Hurricanes increase tree species migration

  • 15 June 2022
  • 2 minutes

Climate change is causing many species to move towards the poles, and in the tropics to move up mountains.

Over 40 years, starting in 1974, Gonville & Caius College Fellow Dr Edmund Tanner and Dr Peter Bellingham, formerly a Research student at Caius and latterly at the University of Auckland, have been studying permanent plots in the forest of the Blue Mountains in Jamaica and have discovered that this upward migration of trees species was increased by a very strong hurricane.

Hurricane Gilbert in 1988 badly damaged the trees but only killed about 13% of them. However, that severe disturbance was enough to increase the rate of change in the composition of the forest. This research has just been published in the journal Ecography in an article “Hurricane disturbance accelerated the thermophilization of a Jamaican montane forest” (Tanner, Bellingham, Healey J.R. (former research student in Darwin, and Feeley K. J collaborator in the USA).

From the start of the project, Dr Tanner has been an associate at the Biology Department of the University of the West Indies, and the project has been supported by the Forestry Department of the Government of Jamaica. Funding has partly come from Caius’ Drummond Fund.

The National Environment and Planning Agency granted permission to carry out the censuses. The Jamaica Conservation and Development Trust helped in many ways, and the various directors of Public Gardens allowed the researchers to be based at Cinchona Botanic Gardens. The work continues, with the next planned census is in 2024.

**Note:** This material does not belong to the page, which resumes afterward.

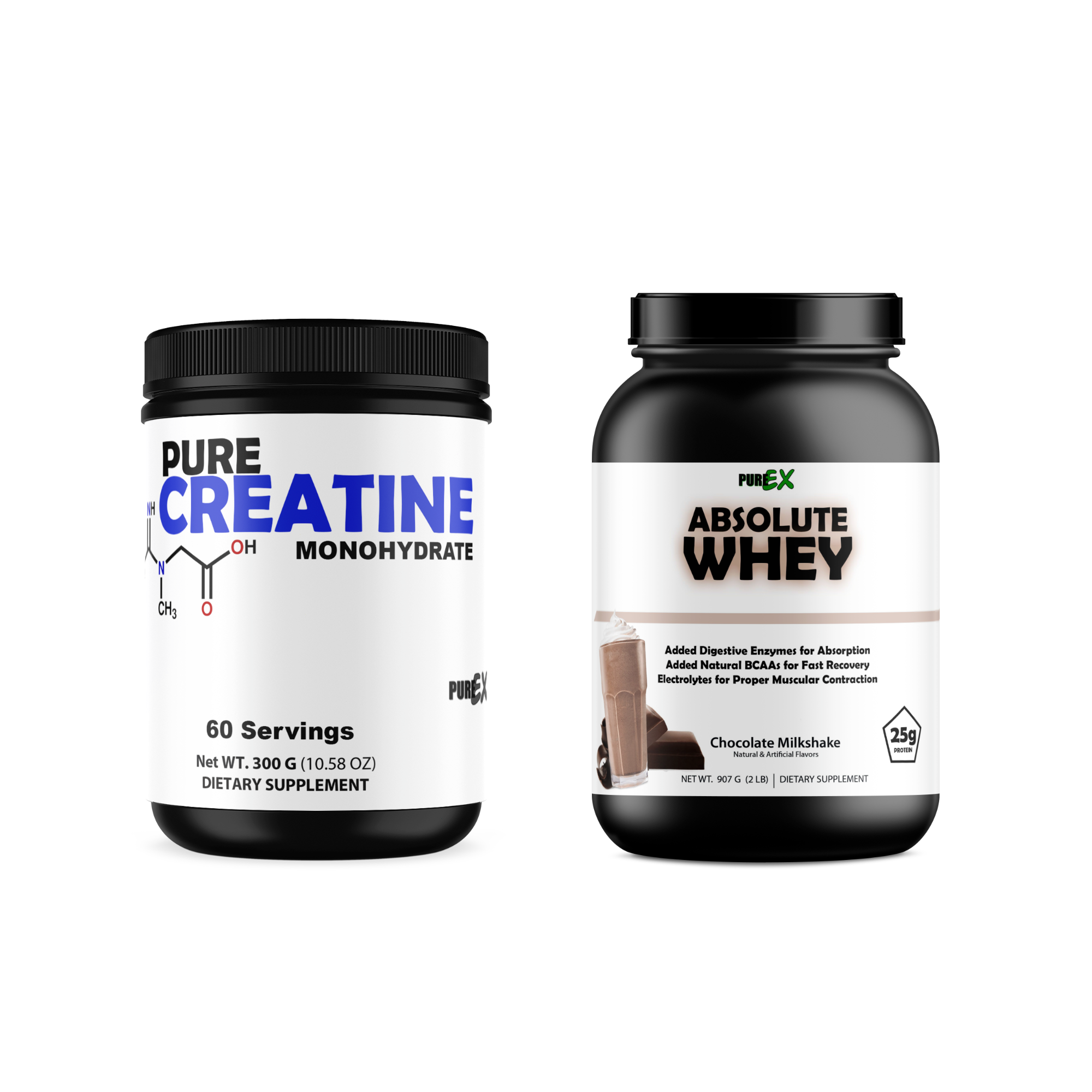 Creatine + Protein bundle by PureEx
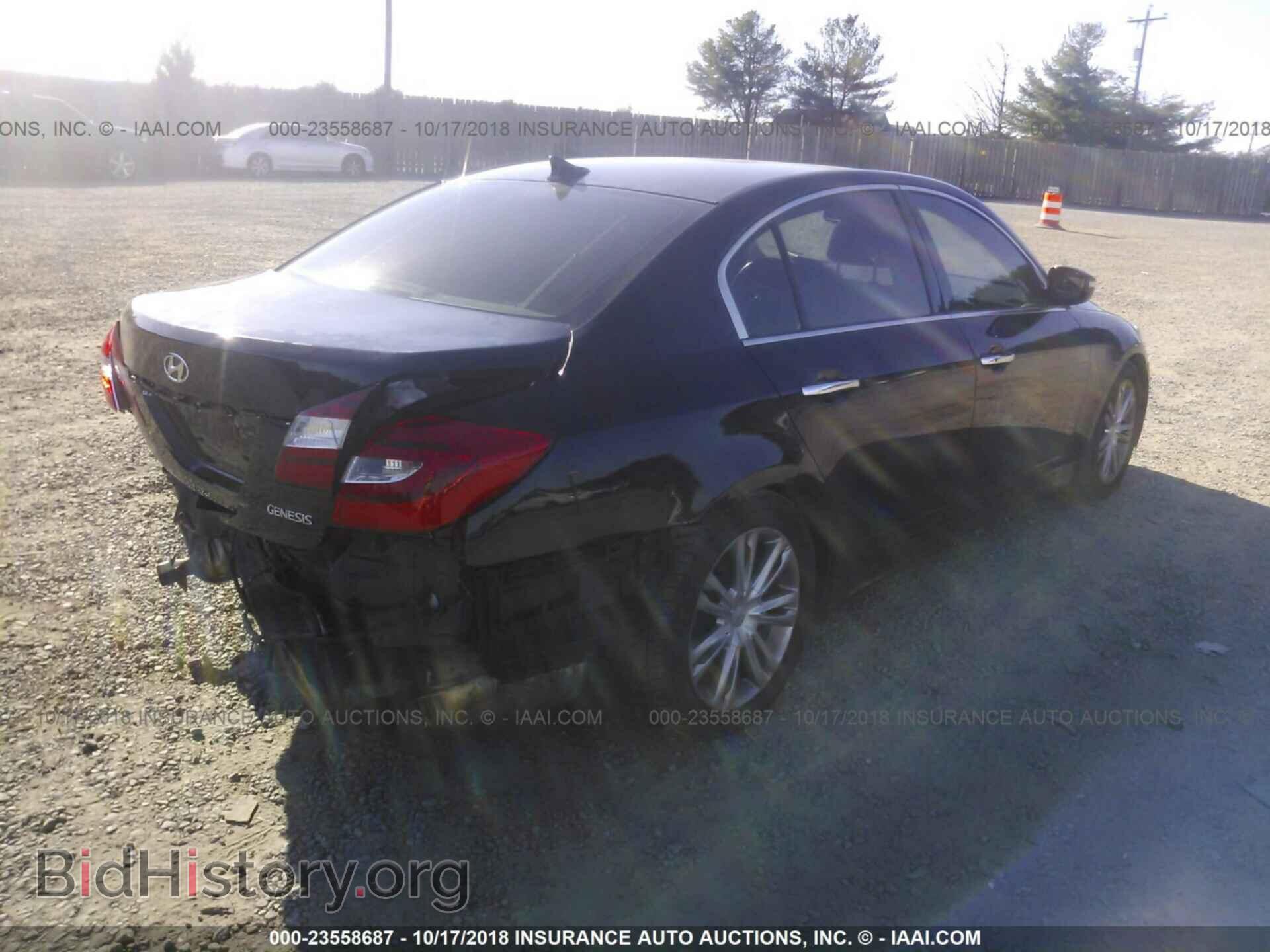 2012 HYUNDAI GENESIS - VIN: KMHGC4DD3CU206948 - Фото 4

“It’s been the main work of my career. It’s unique,” says Dr Tanner, pictured.

“Until the Puerto Ricans got hurricanes about five or 10 years ago we were the only group in the world who had pre-hurricane and post-hurricane data. This pre-hurricane information is really useful.

“We know in the Andes of three studies showing that tree species are moving up the mountains, and there’s anecdotal evidence from Colombia that disturbance from cattle increases the chance of trees moving up the mountains.

“We’re the only group with such long-term plots and pre- and post-hurricane data. If the forests are changing, and if you disturb them you’re making more opportunities for new species to come in, and for species to change their relative abundance.

“It is alarming. It’s pretty clear hurricanes will increase in frequency and possibly in intensity, and it’s something that’s already happening.”